# [Input records]
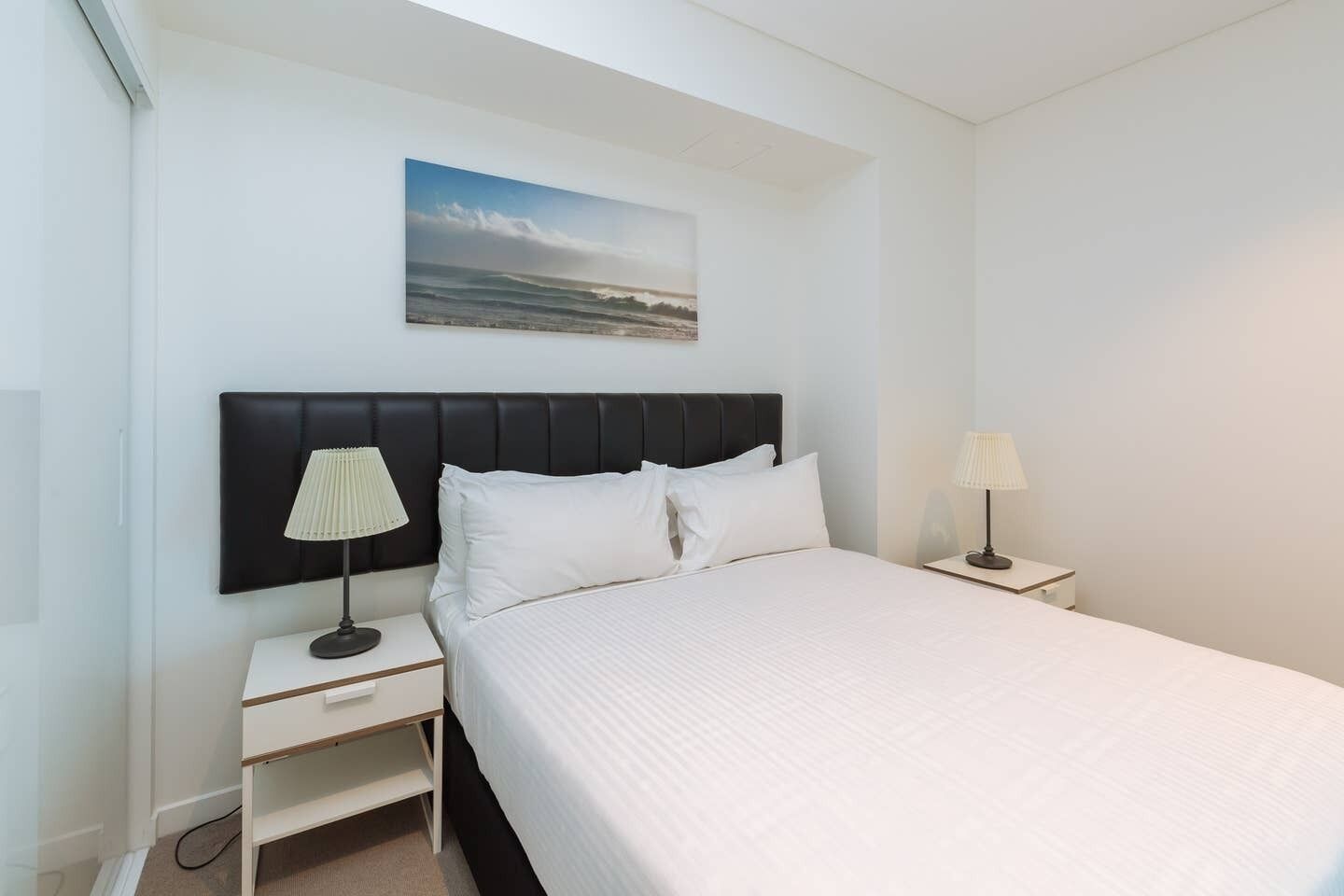 Tallest Tower in CBD 2 Bedroom apt With Pool & Gym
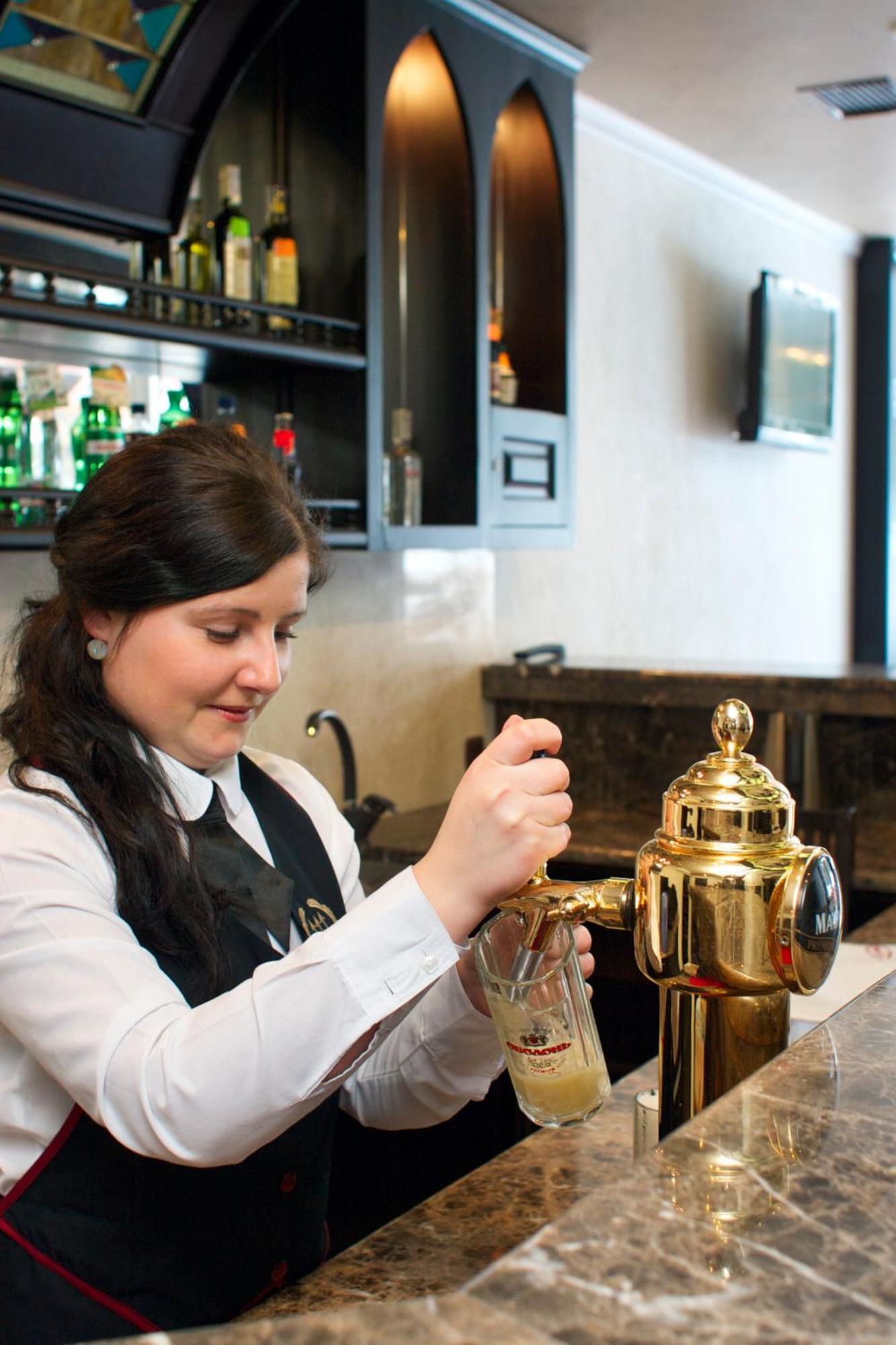 Sherwood Hotel Dolgomostiska Dış mekan fotoğraf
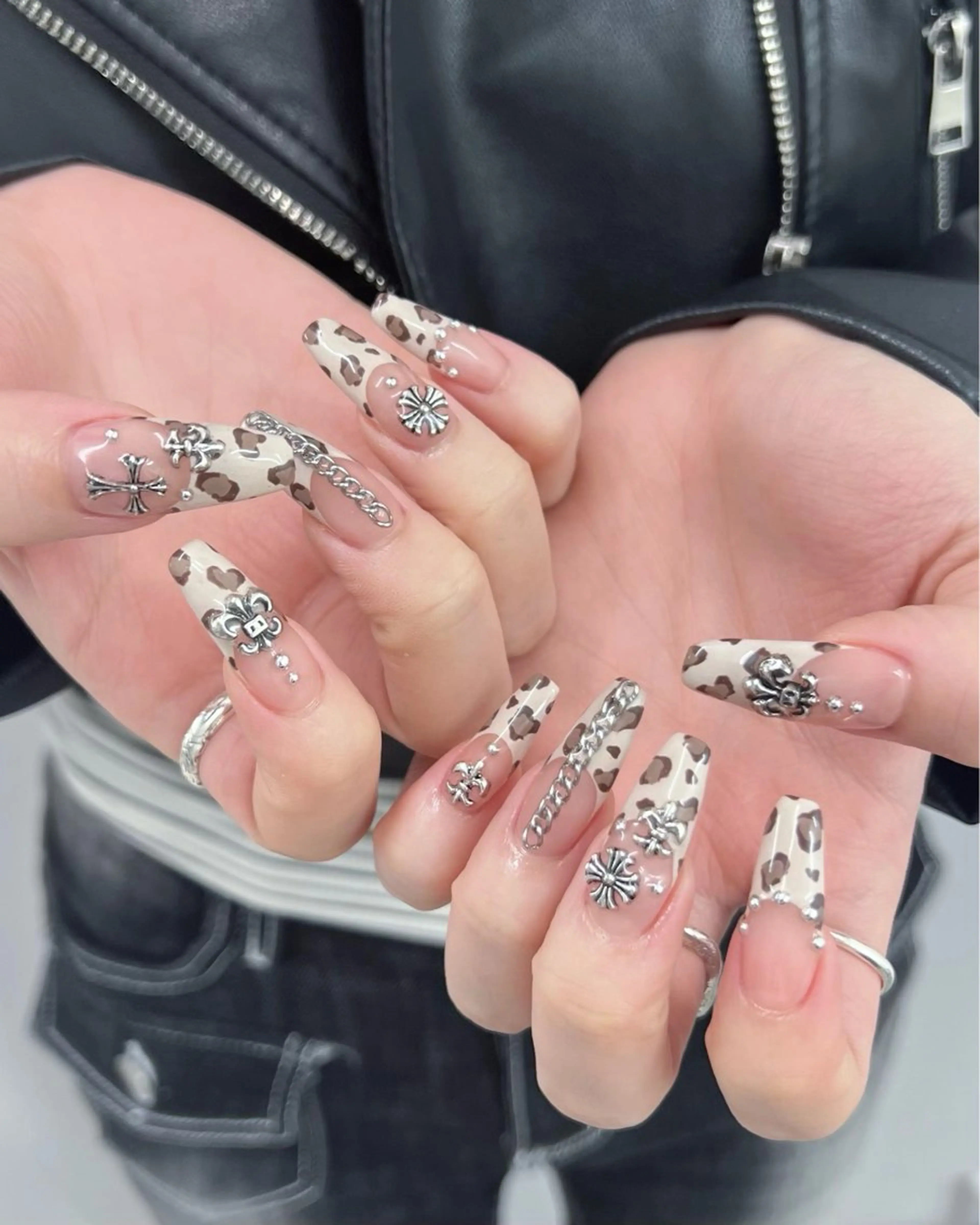 ネイル ハンドネイル Lignal. liit　KAEDEのネイルデザイン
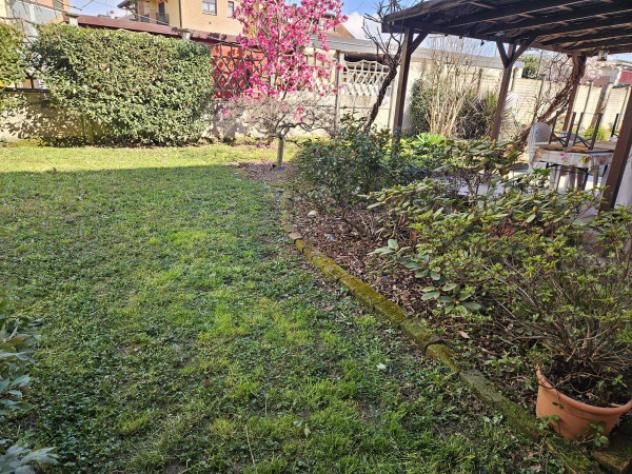 Terreno di 700 m² in vendita a Rho - Foto 2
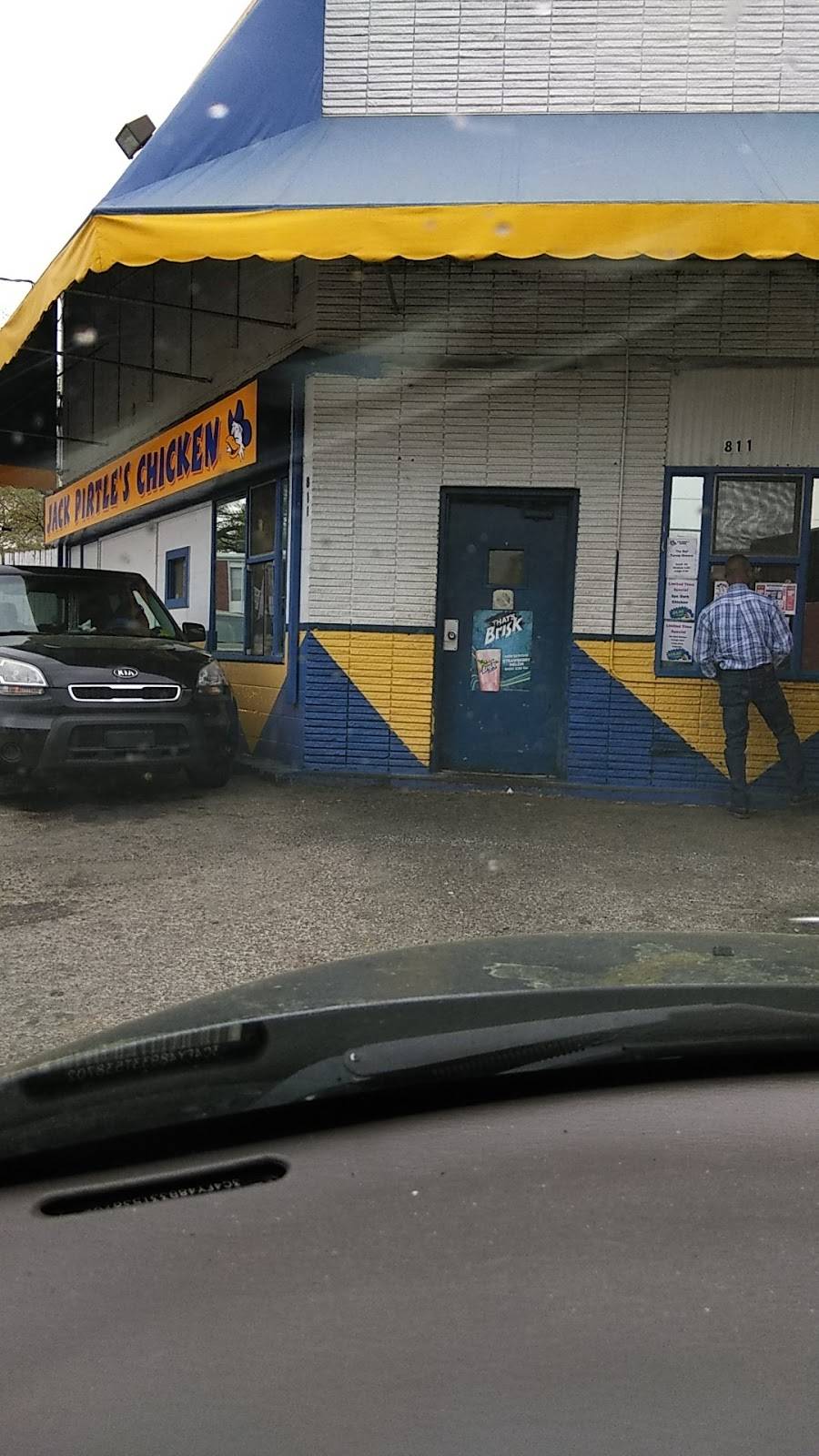 Jack Pirtle Fried Chicken | restaurant | 811 S Highland St, Memphis, TN 38111, USA | 9014589777 OR +1 901-458-9777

# [About this exercise]
Every entry should be returned exactly as written, minus the pictures.

# [Solution below]
 Tallest Tower in CBD 2 Bedroom apt With Pool & Gym
 Sherwood Hotel Dolgomostiska Dış mekan fotoğraf
 ネイル ハンドネイル Lignal. liit　KAEDEのネイルデザイン
 Terreno di 700 m² in vendita a Rho - Foto 2
 Jack Pirtle Fried Chicken | restaurant | 811 S Highland St, Memphis, TN 38111, USA | 9014589777 OR +1 901-458-9777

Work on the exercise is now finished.